If you're looking for evidence of the upswing in coal market, just look at the uptick in deals. The sector has seen more than 1,000 mergers and acquisitions announced over the past 12 months, a reflection, analysts say, of the expected tightness in the market. Prices are being driven by the combination of growing Asian demand – the continent accounts for nearly 70 per cent of global coal consumption – and the prospect of "massive deficits around the corner", as Standard Chartered puts it. The bank estimates the global deficit could swell to some 30 million tonnes by 2018, which is expected to put upward pressure on coal prices. In terms of costs, export prices at the Richards Bay Coal Terminal in South Africa, the largest coal export terminal in the world, rose to a two year high of around $128 a tonne last week. Though the recent spike was spurred by inclement weather and the temporary closure of mines in Australia, the long-term trend is positive. Standard Chartered expects world coal prices to rise to $200 a tonne by 2024 and to more than $240 a tonne by 2030.
Copper prices have enjoyed a heady rebound over the last year. Boosted by predictions of a widening market deficit in coming months and the prospect of further weakness in the US dollar, benchmark copper prices on the London Metal Exchange rose to more than $9,500 a tonne yesterday, within a whisker of the all-time high.
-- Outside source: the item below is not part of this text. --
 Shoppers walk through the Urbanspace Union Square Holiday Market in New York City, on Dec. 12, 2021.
Supply is expected to struggle to keep up with demand, with Goldman Sachs expecting nearly all exchange inventories to be exhausted over the course of 2011. Further out, Standard Chartered analysts expect the growing mismatch between supply and demand to drive prices to more than $15,000 a tonne by 2027.
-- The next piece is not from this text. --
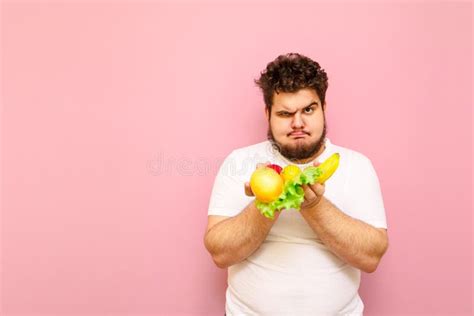 Positive Fat Man With Funny Face Isolated On Pink Background With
The aluminium market is likely to prove more subdued, with Rusal, the world's top aluminium producer, seeing prices of up to $2,500 a tonne, only marginally above current levels. In the nickel market, Goldman sees the risk of a sizeable surplus as new projects are commission and consumption growth in emerging markets slows in the middle of next year. Longer term, however, prices should strengthen as emerging markets consumption increases.
Gold prices have enjoyed a strong run over 2010, rallying from around $1,100 an ounce at the beginning of the year to a record $1,431 in early December. The recent upswing can be traced back to late 2008, when wary investors, rattled by the demise of Lehman Brothers, fled to safety. Prices were underpinned by the subsequent slump in interest rates across the world's major economies and central bank moves to boost liquidity in the UK, across Europe and the US. Analysts expect the gains to persist in the New Year, but Goldman Sachs, which expects prices to vault to nearly $1,700 an ounce by the end of 2011, warns that may be the peak as US economic growth picks up and interest rates rise in 2012. Like gold, silver has also seen some heady gains, with spot prices touching a fresh 30-year peak of $30.70 an ounce yesterday, boosted by industrial demand and the knock-on effect of the rally in gold. Goldman Sachs analysts expect silver to drop back to nearer $28 an ounce by the end of next year.
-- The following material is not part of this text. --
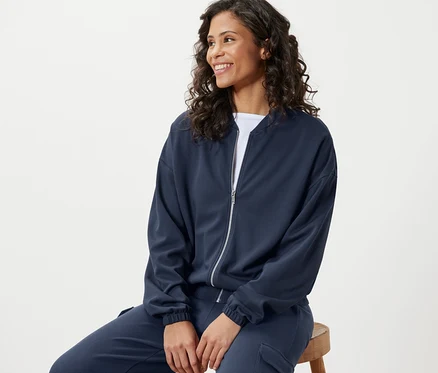 Femme assise portant une veste de survêtement bleue.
Prices for so-called "softs", such as foodstuffs and cotton, have shot up this year. Wheat prices are up by 44 per cent this year, corn by 49 per cent, sugar by 17 per cent, soy beans by 31 per cent and cotton by a whopping 85 per cent.
At the start of 2010, the expectation was for a steady year. But that was before the La Niña weather cycle wreaked havoc across the globe. Floods in the US and Pakistan decimated corn and cotton production respectively earlier in the year, while flooding in the summer season in Australia is still affecting wheat and corn. Meanwhile, fires across Russia cut a swathe through wheat exports, and a continuing drought in Argentina is pulling down soybean and corn harvests.
In the background, as with so many other commodities, there is upward price pressure from rising incomes in the developing world. As diets in China become more meat-rich, for example, corn imports rise to feed the army of pigs.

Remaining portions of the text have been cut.